◆ PROBLEM DETAILS ◆
Without the images, reproduce each line of the material exactly.

◆ COLLECTED MATERIAL ◆
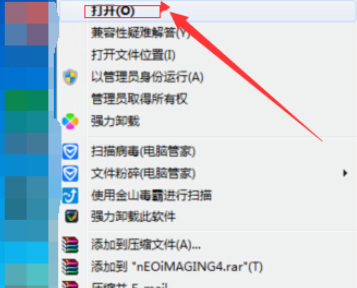 如何用光影魔术手为黑白照片上色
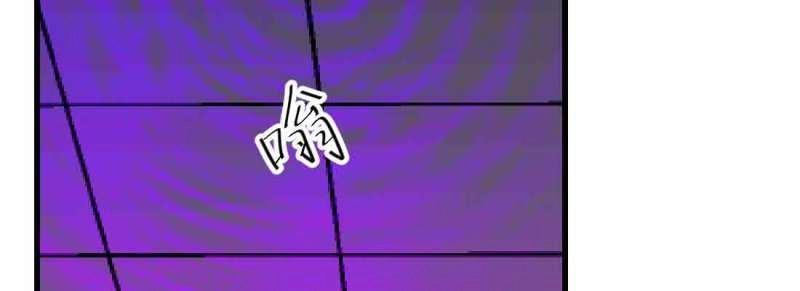 《相亲式修真道侣》第48话 第47话 内讧 第14页
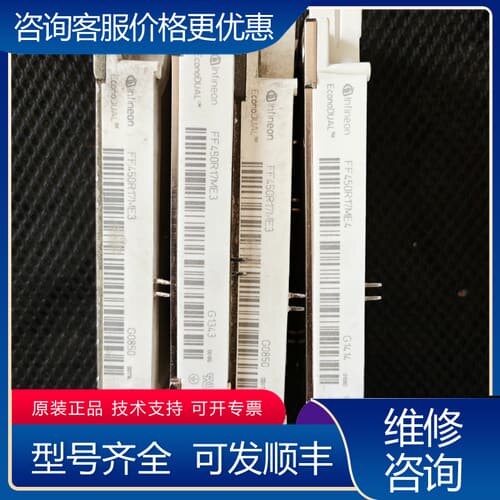 议价英飞凌FF450R17ME3 模块 质量保证可维修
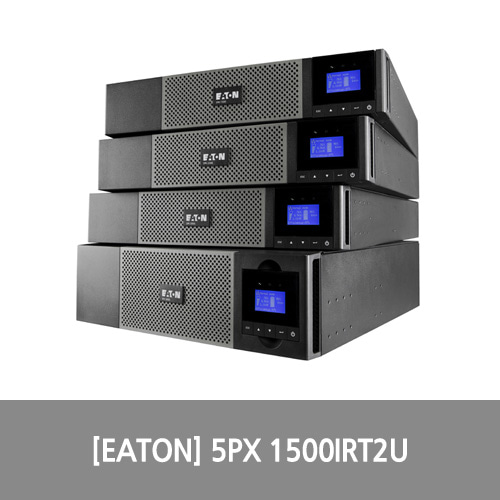 [UPS][EATON] 5PX 1500IRT2U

◆ RESULT ◆
 如何用光影魔术手为黑白照片上色
 《相亲式修真道侣》第48话 第47话 内讧 第14页
 议价英飞凌FF450R17ME3 模块 质量保证可维修
 [UPS][EATON] 5PX 1500IRT2U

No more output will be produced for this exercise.